→ **Problem details**: Once the line with "RBX Women's Athletic" is found in the entries below, repeat it and each following line exactly, up to and including the line with "(1ชิ้น) NC483 มอเตอร์ก้านชัก". Add no other lines.

→ **Provided records**:

▬▬▬

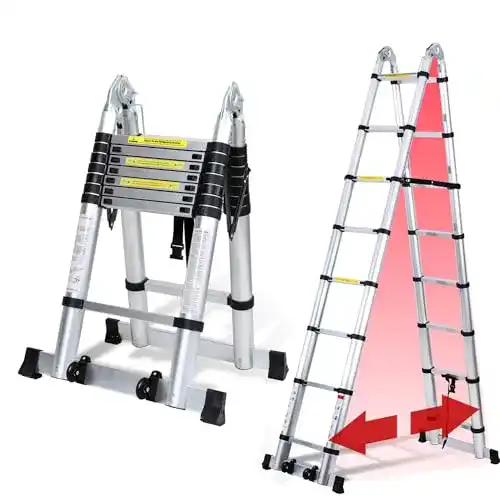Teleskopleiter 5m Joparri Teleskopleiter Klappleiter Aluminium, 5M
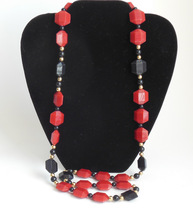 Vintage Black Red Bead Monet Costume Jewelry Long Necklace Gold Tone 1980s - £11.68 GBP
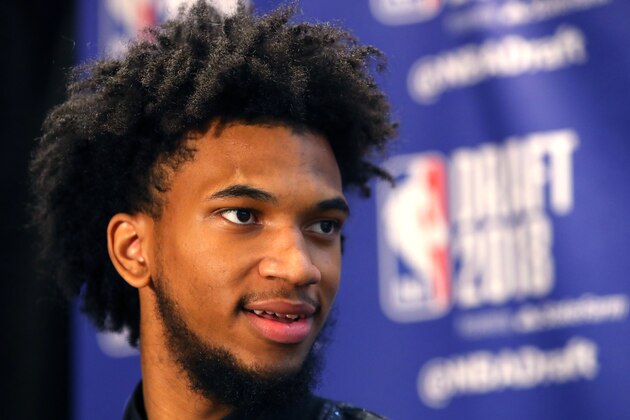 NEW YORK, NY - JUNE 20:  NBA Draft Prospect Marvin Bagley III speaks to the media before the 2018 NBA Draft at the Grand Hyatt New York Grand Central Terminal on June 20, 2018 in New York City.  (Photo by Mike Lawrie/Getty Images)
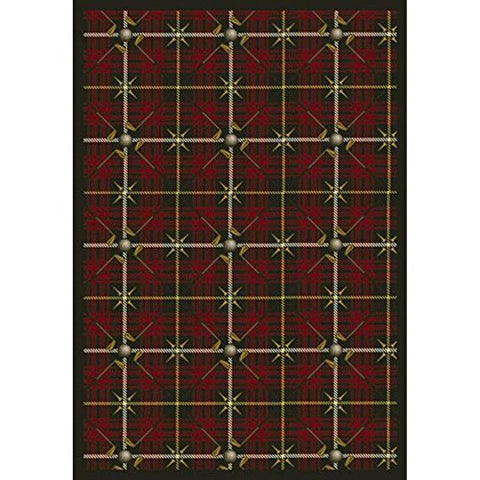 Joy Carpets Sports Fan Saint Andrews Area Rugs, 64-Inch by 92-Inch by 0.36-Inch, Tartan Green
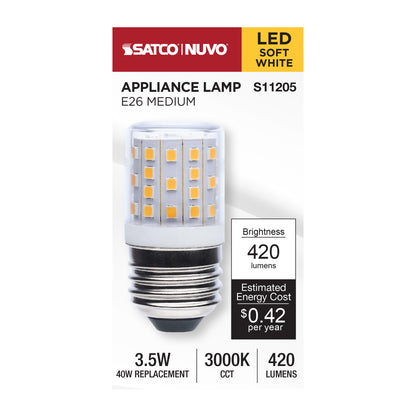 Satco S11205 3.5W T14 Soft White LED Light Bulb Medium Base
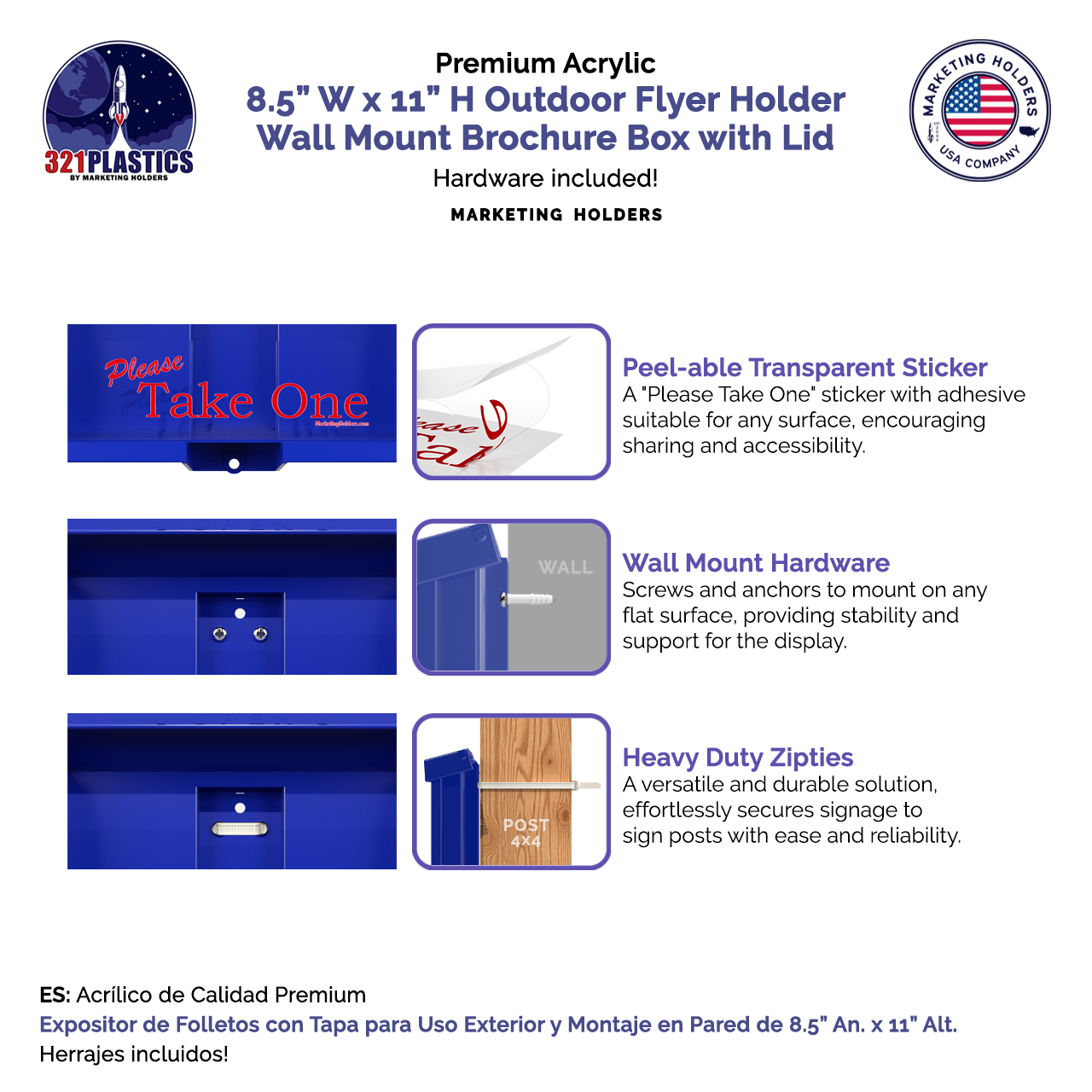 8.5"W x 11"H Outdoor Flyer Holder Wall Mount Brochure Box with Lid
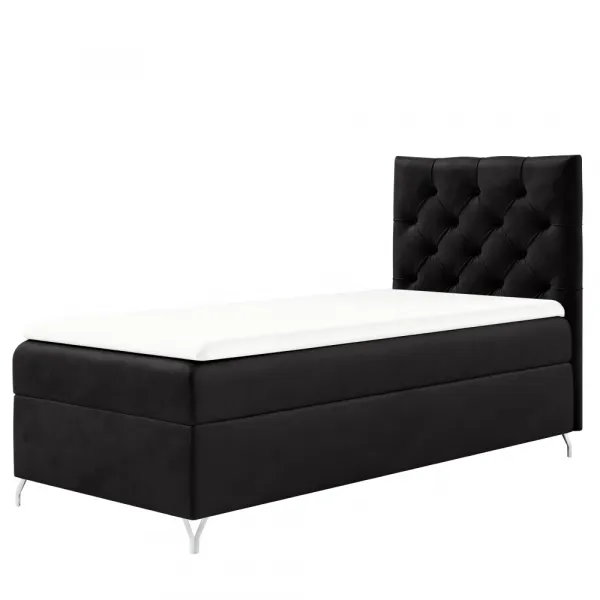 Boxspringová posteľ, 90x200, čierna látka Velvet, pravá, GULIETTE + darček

▬▬▬

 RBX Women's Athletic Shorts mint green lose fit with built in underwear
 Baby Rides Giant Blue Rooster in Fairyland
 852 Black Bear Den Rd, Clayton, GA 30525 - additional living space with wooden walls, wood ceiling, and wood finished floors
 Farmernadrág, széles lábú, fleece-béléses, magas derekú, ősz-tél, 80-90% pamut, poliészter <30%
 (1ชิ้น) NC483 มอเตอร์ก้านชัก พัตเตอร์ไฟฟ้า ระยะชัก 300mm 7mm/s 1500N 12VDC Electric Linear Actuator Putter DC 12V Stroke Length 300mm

▬▬▬

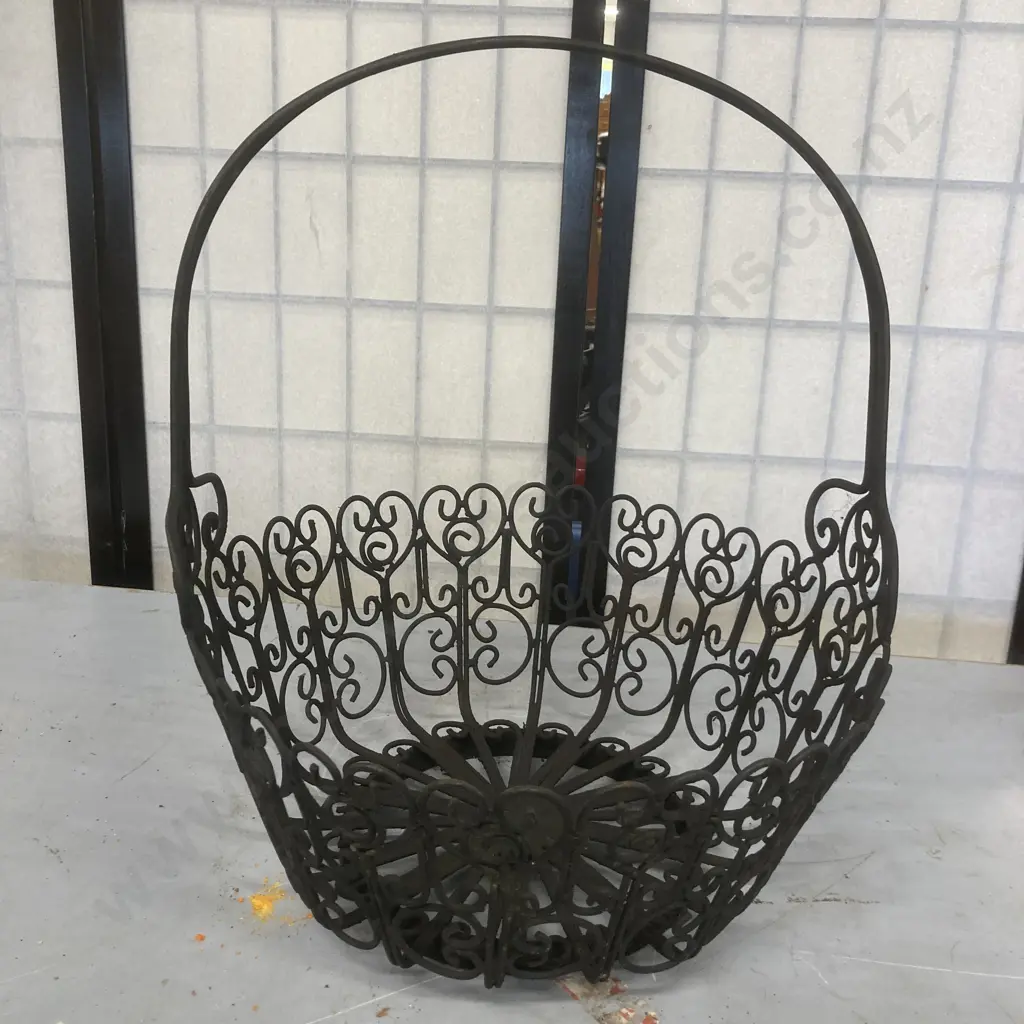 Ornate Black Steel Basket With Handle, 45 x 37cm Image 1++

▬▬▬

→ **Answer below**:
 RBX Women's Athletic Shorts mint green lose fit with built in underwear
 Baby Rides Giant Blue Rooster in Fairyland
 852 Black Bear Den Rd, Clayton, GA 30525 - additional living space with wooden walls, wood ceiling, and wood finished floors
 Farmernadrág, széles lábú, fleece-béléses, magas derekú, ősz-tél, 80-90% pamut, poliészter <30%
 (1ชิ้น) NC483 มอเตอร์ก้านชัก พัตเตอร์ไฟฟ้า ระยะชัก 300mm 7mm/s 1500N 12VDC Electric Linear Actuator Putter DC 12V Stroke Length 300mm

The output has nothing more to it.